L’échéancier ou le sursis prévu à l’alinéa précédent doit être assorti de garanties du débiteur qui sont appréciées par le directeur de l’organisme chargé du recouvrement des cotisations.
Les dispositions du présent article s’appliquent aux cotisations dont sont redevables les employeurs à la condition qu’ils aient procédé au reversement intégral des cotisations salariales dues.”
Il s’évince de ce texte qu’il n’entre pas dans les pouvoirs du Tribunal d’accorder, sur le fondement de l’article 1343-5 du code civil des délais de paiement, lesquels relèvent de la compétence exclusive du Directeur de l’URSSAF.

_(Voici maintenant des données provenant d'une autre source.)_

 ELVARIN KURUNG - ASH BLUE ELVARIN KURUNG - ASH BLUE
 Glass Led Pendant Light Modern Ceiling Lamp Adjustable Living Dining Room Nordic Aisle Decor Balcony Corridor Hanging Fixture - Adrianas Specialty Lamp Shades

— sur les dépens et l’exécution provisoire
Aux termes de l’article R. 133-6 du code de la sécurité sociale, les frais de signification de la contrainte faite dans les conditions prévues à l’article R. 133-3, ainsi que de tous actes de procédure nécessaire à son exécution, sont à la charge du débiteur, sauf lorsque l’opposition a été jugée fondée.

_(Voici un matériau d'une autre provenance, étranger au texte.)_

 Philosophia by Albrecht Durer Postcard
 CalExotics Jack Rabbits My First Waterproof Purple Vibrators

Selon l’article 696 du code de procédure civile, la partie perdante est condamnée aux dépens, à moins que le juge, par décision motivée, n’en mette la totalité ou une fraction à la charge d’une autre partie.
En l’espèce, l’opposition à contrainte de Monsieur [O] [M] n’étant pas fondée, il convient de le condamner aux entiers dépens et aux frais de signification de la contrainte.
L’exécution provisoire du présent jugement est de droit par application des dispositions de l’article R. 133-3 alinéa 4 du code de la sécurité sociale.
PAR CES MOTIFS
Le tribunal statuant publiquement, par jugement contradictoire rendu en premier ressort et mis à disposition au greffe de la juridiction :
DÉCLARE recevable l’opposition à la contrainte du 12 octobre 2023 signifiée en date du 16 octobre 2023, telle que formée par Monsieur [O] [M] ;
VALIDE la contrainte établie le 12 octobre 2023 par le directeur de l’URSSAF RHÔNE-ALPES pour son montant actualisé de 7 932,66 euros (SEPT MILLE NEUF CENT TRENTE-DEUX EUROS ET SOIXANTE-SIX CENTIMES), au titre des cotisations et majorations de retard sur la période la régularisation 2020, les 3ème et 4ème trimestres 2021, ainsi que l’année 2022 ;
En conséquence, CONDAMNE Monsieur [O] [M] à payer à l'[14] la somme de 7 932,66 (SEPT MILLE NEUF CENT TRENTE-DEUX EUROS ET SOIXANTE-SIX CENTIMES), au titre des cotisations et majorations de retard sur la période la régularisation 2020, les 3ème et 4ème trimestres 2021, ainsi que l’année 2022, outre les majorations de retard complémentaires telles qu’elles peuvent figurer sur l’acte de signification à parfaire jusqu’au complet règlement des cotisations qui les génèrent, montant arrêté au 21 février 2025 ;
CONDAMNE Monsieur [O] [M] au paiement des frais de signification de la contrainte du 12 octobre 2023 ;
SE DÉCLARE incompétent pour accorder une remise de dette ;
SE DÉCLARE incompétent pour accorder d’éventuels délais de paiement ;
DÉBOUTE Monsieur [O] [M] du surplus de ses demandes ;
CONDAMNE Monsieur [O] [M] aux entiers dépens ;
RAPPELLE que le présent jugement est exécutoire de droit par provision.
En foi de quoi le présent jugement a été prononcé au Palais de justice d’Annecy le onze septembre deux mil vingt cinq, par mise à disposition au greffe, les parties en ayant été avisées conformément à l’article 450 du code de procédure civile et signé par Madame Carole MERCIER, Présidente et Madame Caroline BERRELHA, Greffière.